[What is needed] Please reproduce the data exactly, excluding any pictures it contains.
Provided records Start Marker
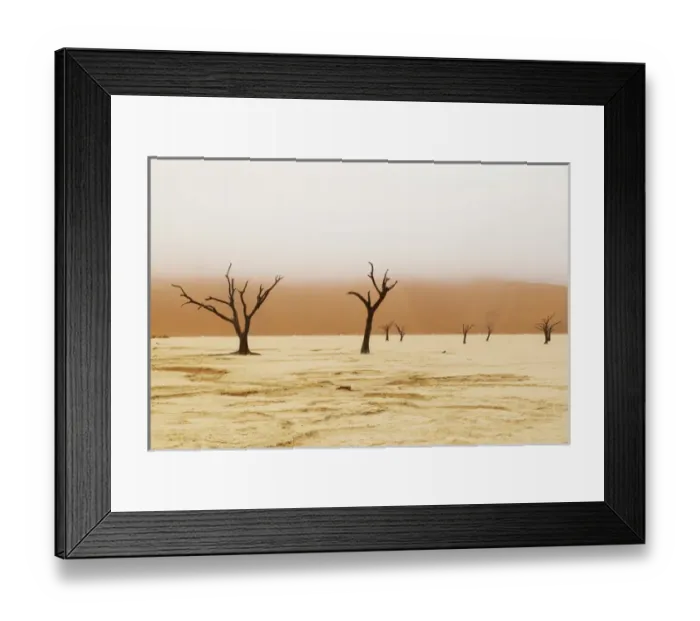 Framed Print : Africa; Namibia; Namib Desert, Namib-Naukluft National Park; Sossusvlei, Dead Vlei Framed Print : Africa; Namibia; Namib Desert, Namib-Naukluft National Park; Sossusvlei, Dead Vlei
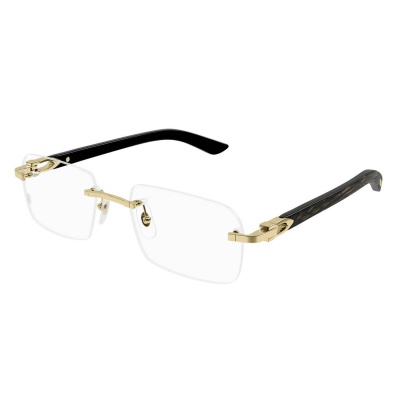 Gọng kính Cartier CT0453O 001 56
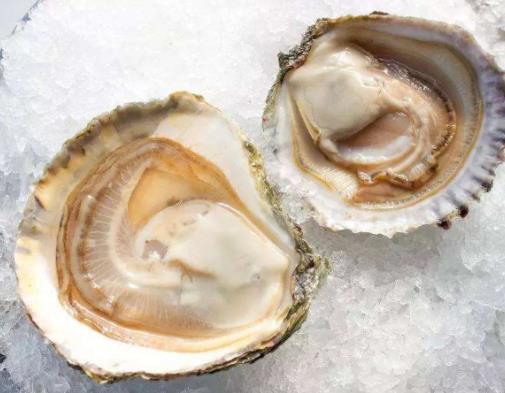 全球最頂級5大海鮮,藍龍蝦價格昂貴、法國貝隆生蠔肥美鮮嫩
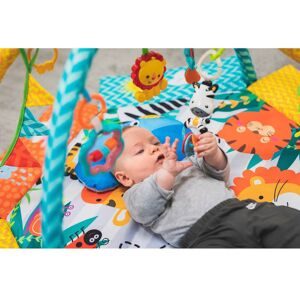 fillikid, Spielbogen mit Decke & Bällen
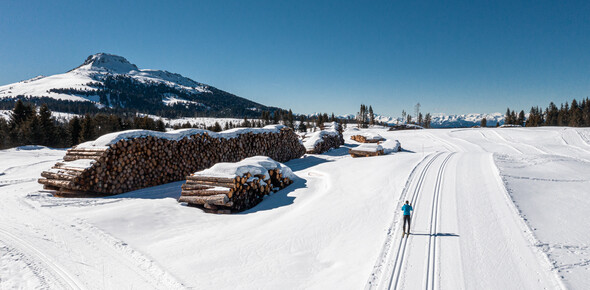 Centro Fondo Passo di Lavazè 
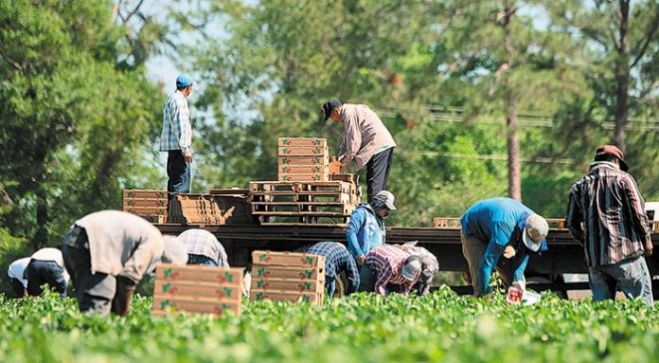 Παράταση της κατά παρέκκλιση διαδικασίας (3 συν 3 μήνες) για τους εργάτες γης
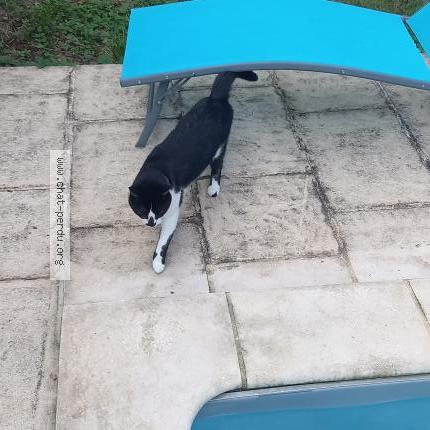 Photo 1/1 Chat retrouvé Perdu à Geispolsheim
Provided records End Marker
[Task response]
 Framed Print : Africa; Namibia; Namib Desert, Namib-Naukluft National Park; Sossusvlei, Dead Vlei Framed Print : Africa; Namibia; Namib Desert, Namib-Naukluft National Park; Sossusvlei, Dead Vlei
 Gọng kính Cartier CT0453O 001 56
 全球最頂級5大海鮮,藍龍蝦價格昂貴、法國貝隆生蠔肥美鮮嫩
 fillikid, Spielbogen mit Decke & Bällen
 Centro Fondo Passo di Lavazè 
 Παράταση της κατά παρέκκλιση διαδικασίας (3 συν 3 μήνες) για τους εργάτες γης
 Photo 1/1 Chat retrouvé Perdu à Geispolsheim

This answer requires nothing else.